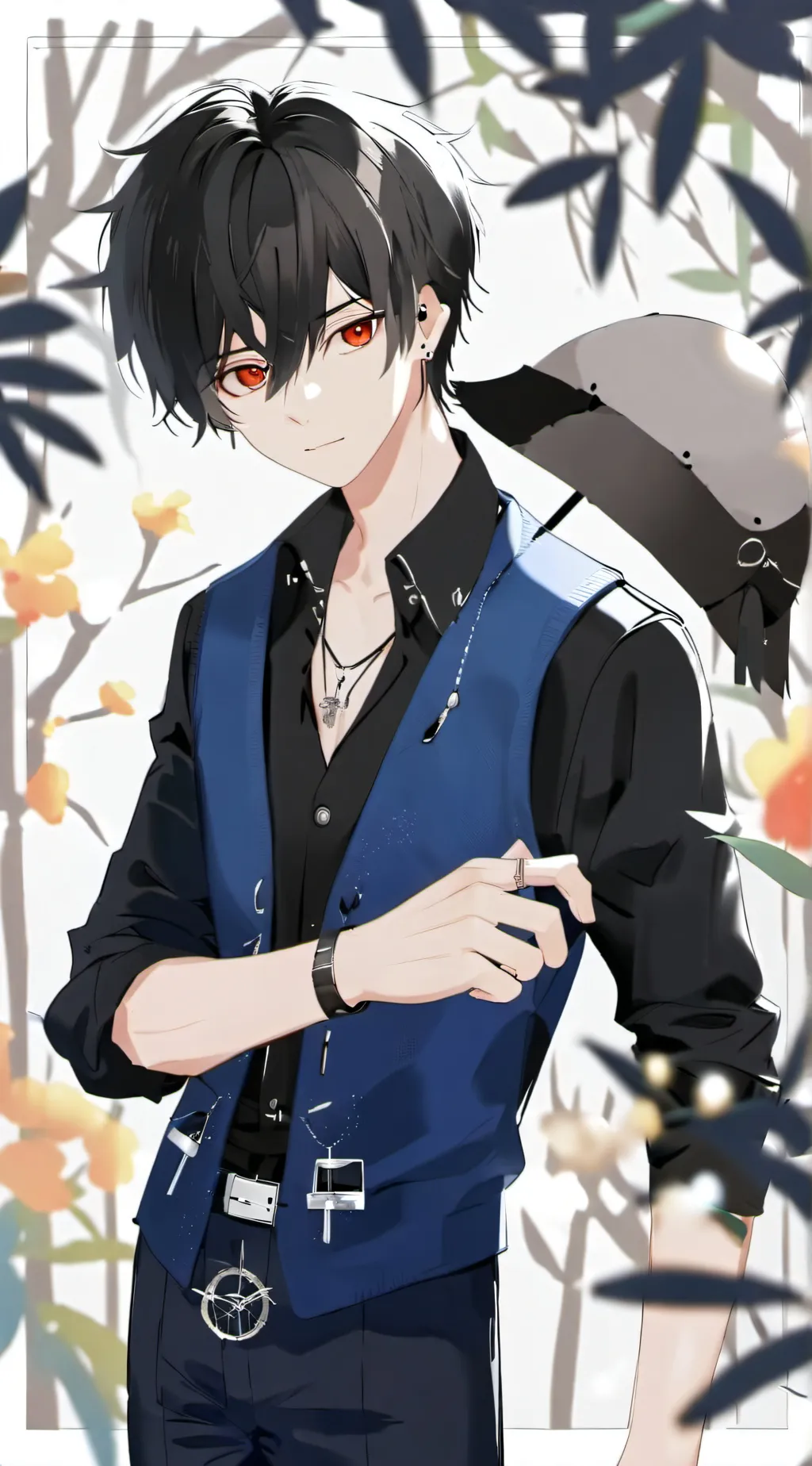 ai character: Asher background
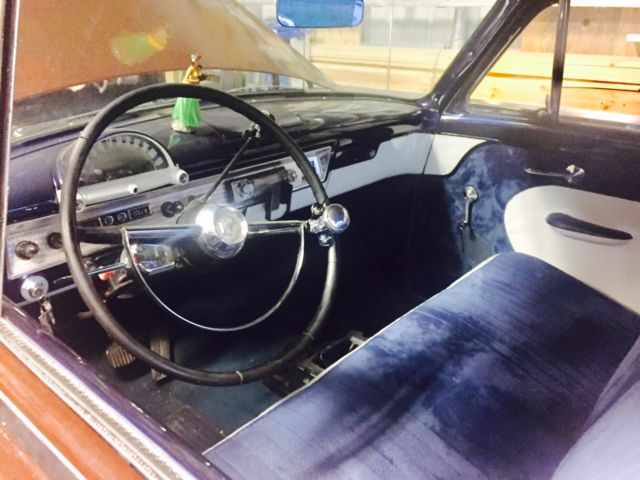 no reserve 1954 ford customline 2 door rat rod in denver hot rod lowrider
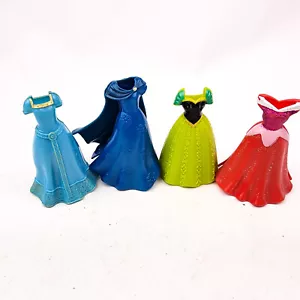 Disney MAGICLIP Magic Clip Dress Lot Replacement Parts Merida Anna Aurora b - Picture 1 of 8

• • •

Could the data above be repeated exactly, with every picture dropped?

→ **RESPONSE**:
 ai character: Asher background
 no reserve 1954 ford customline 2 door rat rod in denver hot rod lowrider
 Disney MAGICLIP Magic Clip Dress Lot Replacement Parts Merida Anna Aurora b - Picture 1 of 8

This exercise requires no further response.